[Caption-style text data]
++++
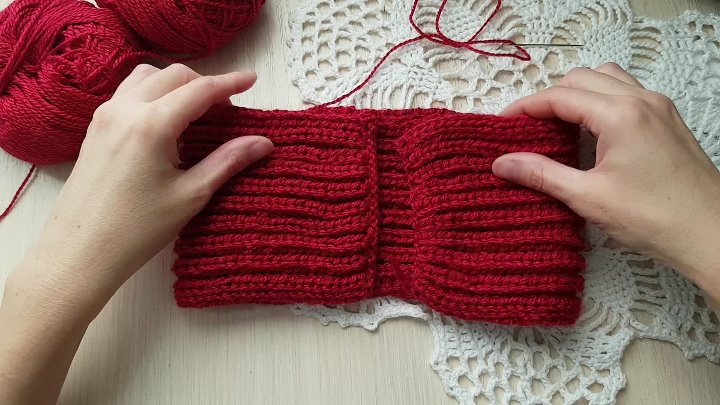 Как связать повязку на голову спицами?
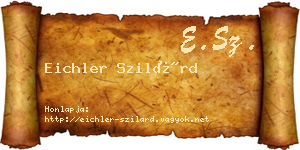 Eichler Szilárd névjegykártya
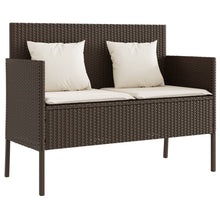 Tuinbank Met Kussens Poly Rattan Bruin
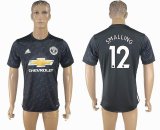 2017-2018 Manchester united #12 SMALLING thailand version black soccer jersey away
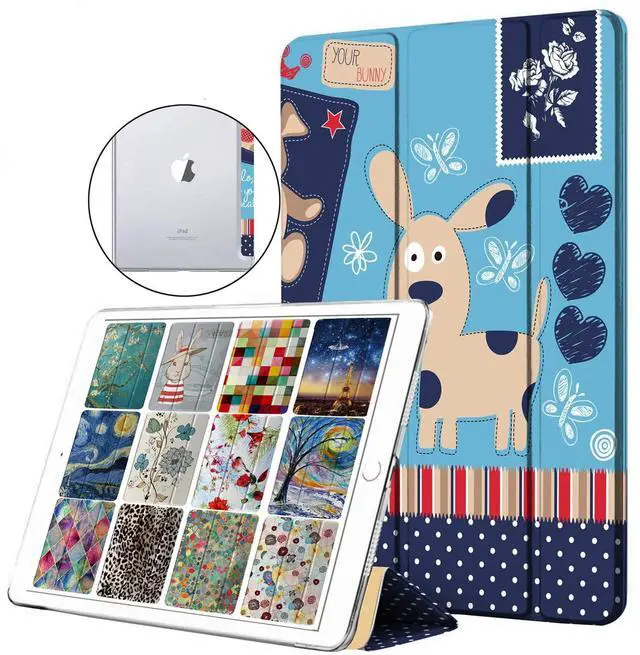 Main image of DuraSafe Cases for iPad Mini 4 7.9 Inch 2015 [ Mini 4th Gen ] A1538 A1550 Trifold Printed Hard Smart PC Transparent Back Cover - Cartoon Dog Print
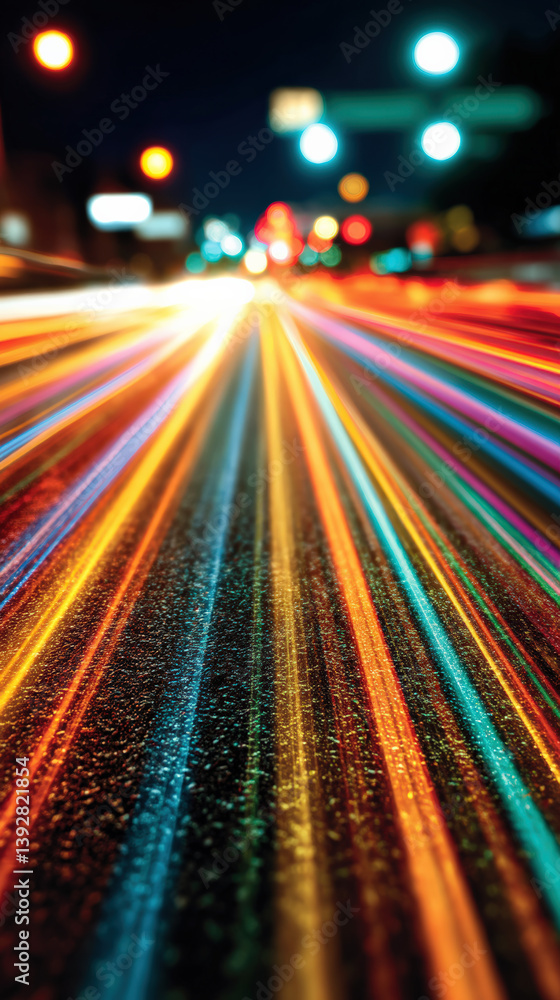 Poster vibrant light trails streak across a dark urban street, creating a mesmerizing display of color and 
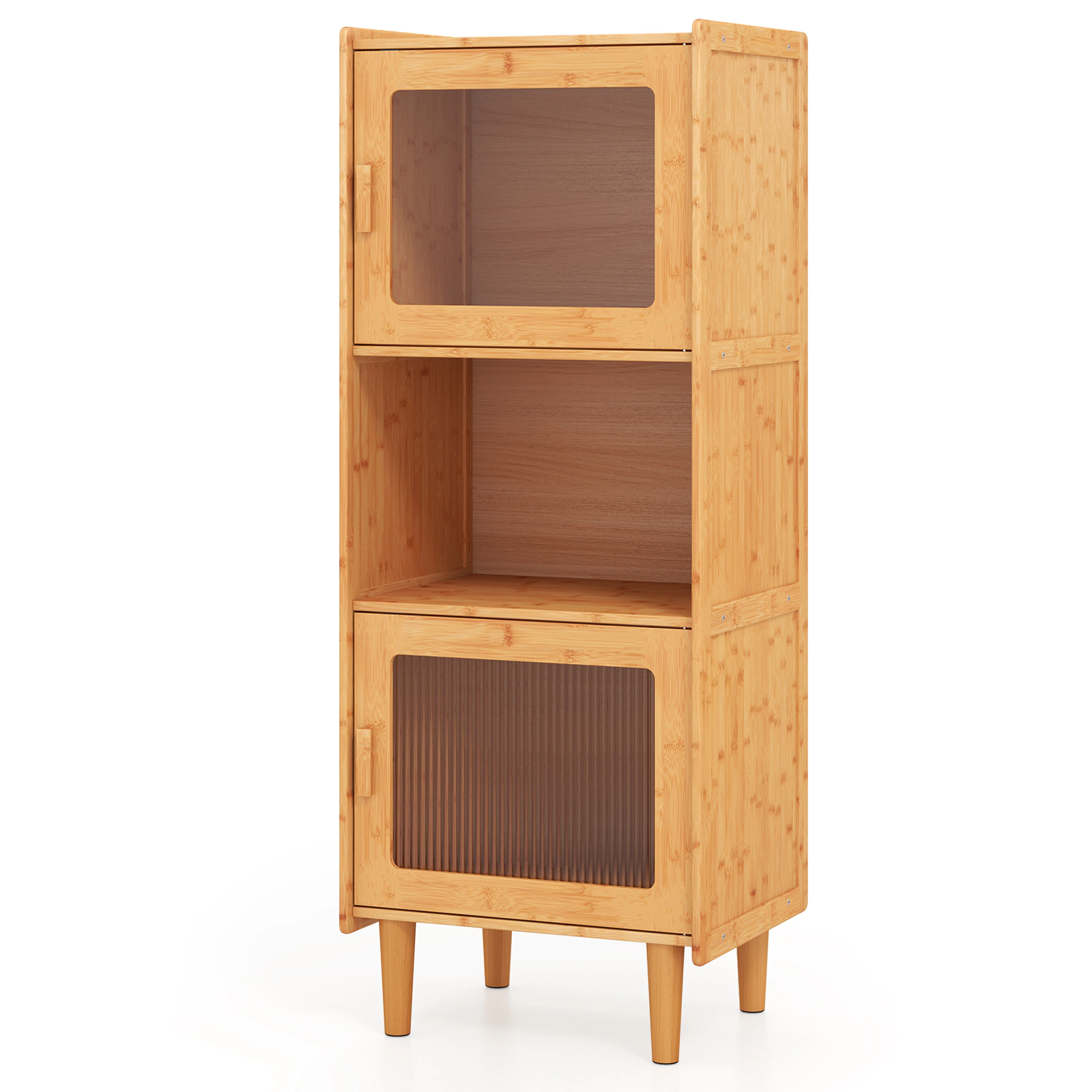 Slickblue Freestanding Wicker Storage Cabinet with Open Shelf and 2 Door Compartments Natural Finish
++++
Produce the data again character for character, with the images left out.

- _EXPECTED ANSWER_:
 Как связать повязку на голову спицами?
 Eichler Szilárd névjegykártya
 Tuinbank Met Kussens Poly Rattan Bruin
 2017-2018 Manchester united #12 SMALLING thailand version black soccer jersey away
 Main image of DuraSafe Cases for iPad Mini 4 7.9 Inch 2015 [ Mini 4th Gen ] A1538 A1550 Trifold Printed Hard Smart PC Transparent Back Cover - Cartoon Dog Print
 Poster vibrant light trails streak across a dark urban street, creating a mesmerizing display of color and 
 Slickblue Freestanding Wicker Storage Cabinet with Open Shelf and 2 Door Compartments Natural Finish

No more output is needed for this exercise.